§ **RECORDS SUPPLIED**:
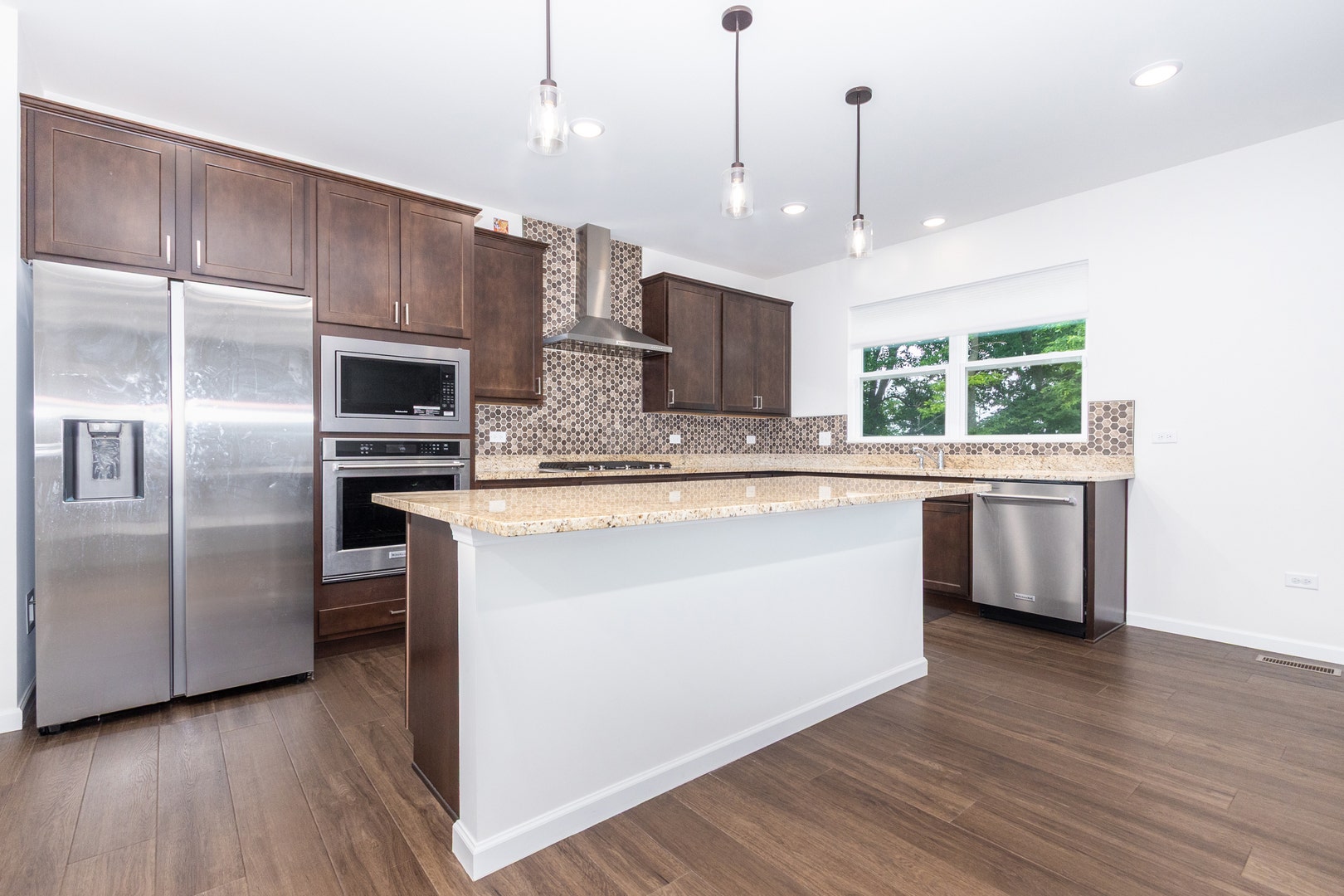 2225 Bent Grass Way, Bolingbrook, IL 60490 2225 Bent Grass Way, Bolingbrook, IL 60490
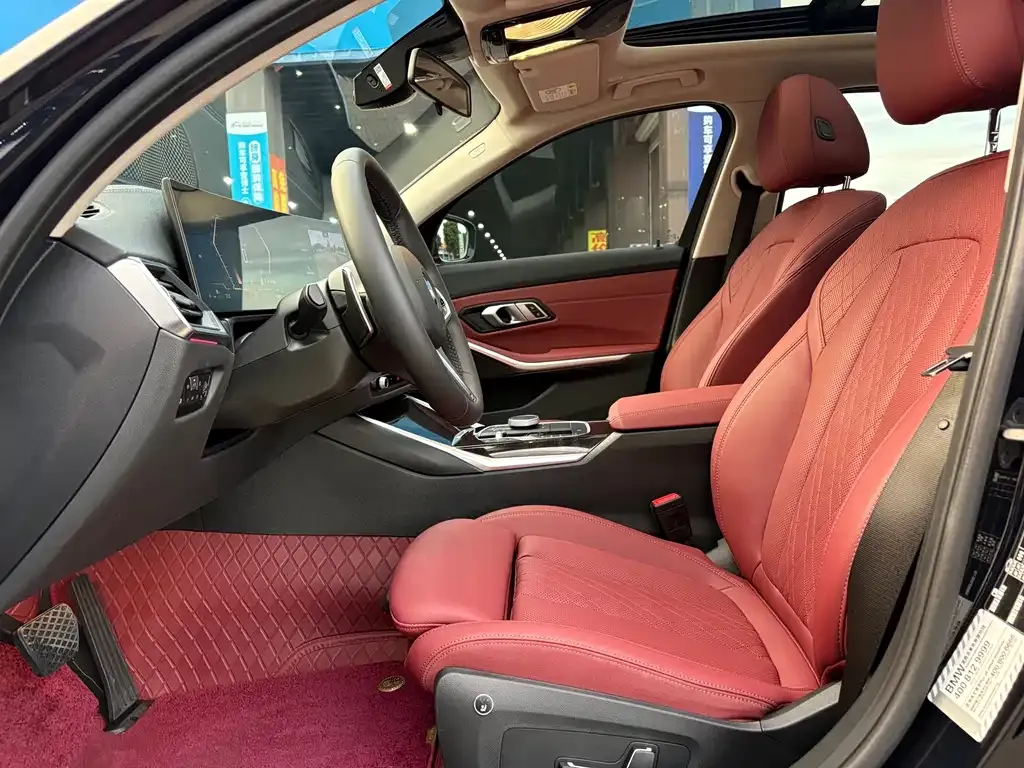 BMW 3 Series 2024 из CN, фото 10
* * *
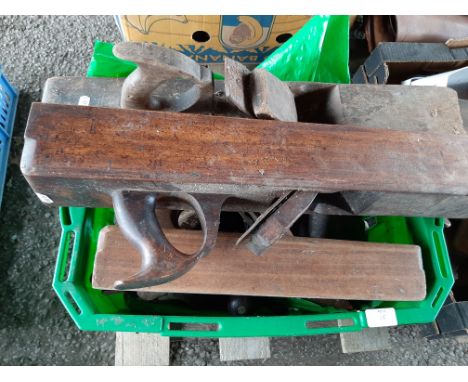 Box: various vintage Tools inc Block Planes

§ **ACTION ITEM**:
Those lines of the records above that run from the one containing "2225 Bent Grass Way, Bolingbrook, IL 60490 2225" through the one containing "BMW 3 Series 2024 из CN, фото 10" should be returned exactly, with no pictures among them.

§ **SOLUTION FOR THIS EXERCISE**:
 2225 Bent Grass Way, Bolingbrook, IL 60490 2225 Bent Grass Way, Bolingbrook, IL 60490
 BMW 3 Series 2024 из CN, фото 10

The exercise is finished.